那女子聞言,瞥了他一眼:“龍大哥同我幼時相識,那時候尚喚我為黃妹妹,如今重逢,緣何卻這般生疏了?”

龍湮不由得訕笑:“這麽多年過去了,黃二姑娘變化許多,我怎好唐突……”

“江湖兒女談何唐突不唐突?”那女子板起臉來,“我當你是豪爽兒郎,沒想到也同那些酸腐書生無異!”

龍湮張大嘴:“我長這麽大,還真是第一次有人說我像個酸腐書生!”

縱使飛白此時心事重重,聞言也不由得撫額,只得輕咳一聲,說道:“多謝這位姐姐照顧,不知該怎麽稱呼……”

那女子將目光從龍湮身上移開,對飛白笑道:“我叫黃芍藥,想來比你年長幾歲,你喚我黃姐姐便是了。”

說著,黃芍藥走過來,將手搭在飛白的脈上,過了片刻說道:“脈象有力,燒也退了,妹子再好好休養兩日,便可以下床走動了。我就說了,白妹子身體底子康健,過不了兩天就能清醒痊愈,偏偏妹子那夫君急得要命,前兩日寸步不離,今日卻又不肯來親自看你,也不知是什麽緣由……”

“夫君?”

飛白臉色微紅,窘得要死。

龍湮亦是一臉尷尬:“那個,他們二人不是……”

黃芍藥一怔,捂住了嘴:“哎呀,那是我猜錯了,本來看到那歐陽先生對白妹子的關心異於常人,我便胡亂瞎猜一通,真是抱歉。”

飛白紅著臉笑笑,說道:“沒關系,黃姐姐不必在意。”

黃芍藥笑道:“白妹妹真是善解人意。我先前讓龍大哥帶了一罐藥來,妹妹先吃上一副。其實這藥可吃可不吃,不過是作為疏散經絡之用,妹妹的武功也可恢覆得快些。”

飛白謝過,又問道:“聽起來,黃姐姐也是習武之人?”

黃芍藥答道:“家父年輕時也曾行俠江湖,我兒時也算學過一些拳腳功夫。直到現在,我們還會時不時會為一些武林中人治病療傷,的確是有不少淵源。說起來,也是因為這個,才會同龍大哥結識。”

龍湮道:“不錯。黃妹妹的父親號稱‘聖手鐵指’黃守一,一手鐵指功既能發招制敵人,又能搭脈治百病,俠肝義膽,妙手仁心,著實令人佩服!當年若不是因為他老人家搭救,我或許就成為一個廢人了。”

黃芍藥哼道:“那時還不是因為你武功低微卻狂妄自大,十幾歲就敢單挑一眾匪徒,若不是我爹恰好路過救了你,你小命都沒了!”

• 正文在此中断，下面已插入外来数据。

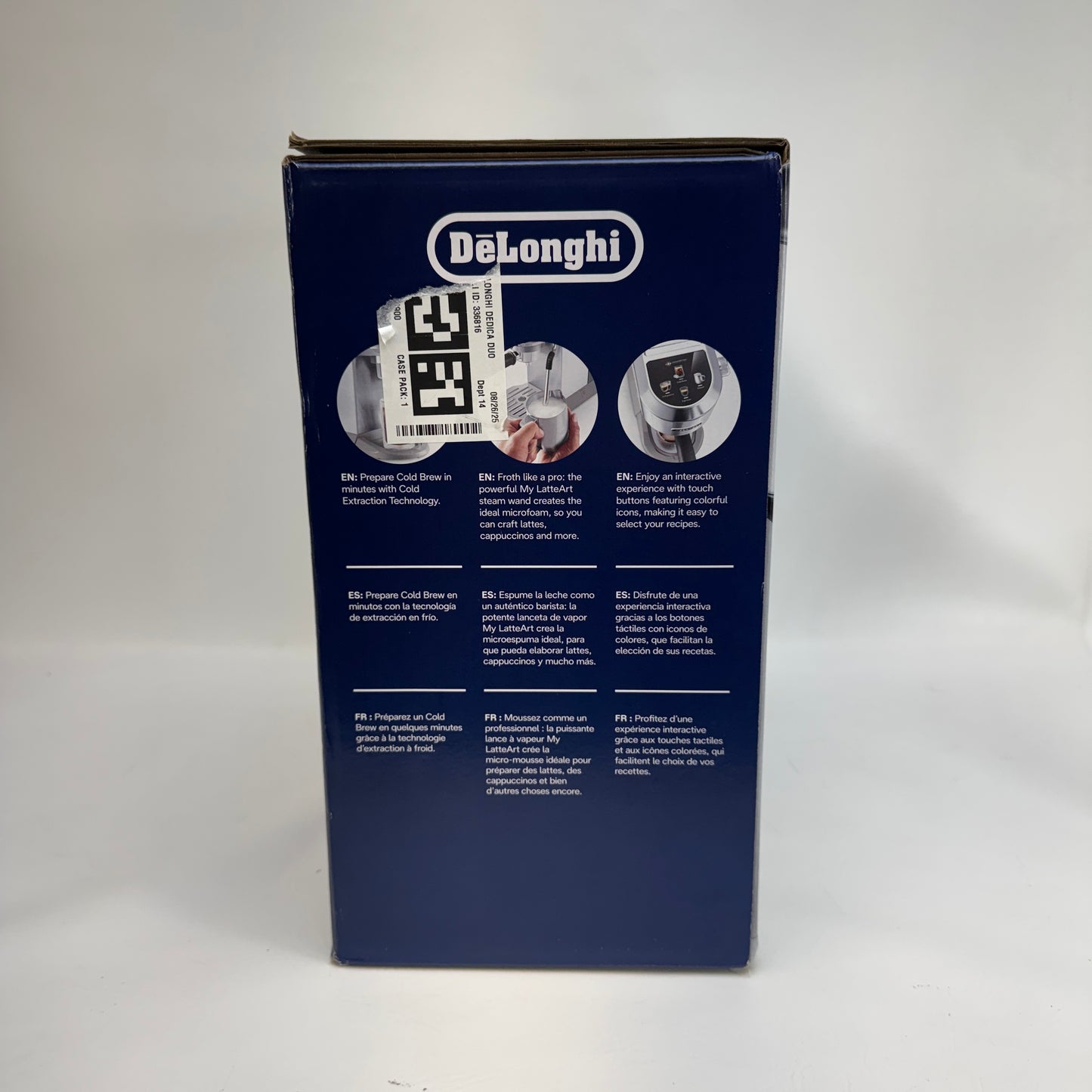 New DeLonghi Dedica Duo Espresso Machine EC890M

龍湮哈哈笑道:“沒錯,我還得感謝黃妹妹當初為我煎藥調理,我當時發起高燒,聽說你為了守著我一夜沒睡……”

黃芍藥臉一紅:“誰為你一夜沒睡!”

“你有!”

“我才沒有!”

二人又開始你一言我一語,扯著陳年舊事吵了起來。

飛白無心再聽,在一旁呆呆走了神。

歐陽鑒究竟去哪裏了?為什麽唯獨他沒有來看她……

正自胡思亂想間,一個念頭突然從腦海中閃過。飛白猛然一凜,忽然問道:“今天是什麽日子?”

龍湮戛然住聲,看向飛白,微微一怔。

黃芍藥亦是一楞,過了一會兒說道:“今兒是九月十五……”

飛白腦中嗡地一聲,臉色大變。

龍湮初時迷惑不解,片刻之後方才大驚失色。

“龍師兄,師父說他去哪裏了?”飛白問道。

“他說要去金陵城裏面散散心,故地重游,還要會一會老朋友……”龍湮說道。

飛白眉頭一皺,馬上作勢要下床,黃芍藥一見忙將她按住:“妹子不可,你身體尚未大好,此時貿然下床走動,只會痊愈得更慢……”

“黃姐姐不必擔憂,我自己的身體我知道,好的慢就慢些罷了。但我此時有要緊事要做,此刻就要出門!”

黃芍藥見飛白臉色凝重,疑惑之餘還是放開了她,說道:“你若是堅持要出門,我就去給你拿件厚重的衣裳來,免得秋氣過寒,又受了風。”

飛白點點頭:“多謝姐姐。”

黃芍藥轉身便出了門。龍湮欲言又止,說道:“小師妹,你果然還是……”

“不!”飛白矢口否認,“師兄你別多想。我只是想找師父問清這一切的真相而已。他那日所言之事究竟是事實還是謊言,我定要弄個清楚明白。我不會甘受任何人的欺騙和蒙蔽,即便是師父,也不可以!”

龍湮見她說得決絕,不由問道:“今日是圓月毒發之期,你難道一點都不擔心歐陽師叔?”說著,他眼神一黯,“我見過師父陽毒發作的樣子,當真是極為難過……”

飛白心下一痛,沈默不答。

自己自然還是擔心他……

為何還是會擔心他!飛白只覺心中紛繁思緒難以理得分明,而他的影子卻偏偏那樣清晰,清晰得令她無法躲避。

她垂下眼睛,神色黯然,仿佛重雲之下的千尺深潭,沈寂得望不見分毫生氣。

龍湮看得分明,心下嘆氣,不再多說,立起身來:“走,小師妹,我同你一起去尋他!”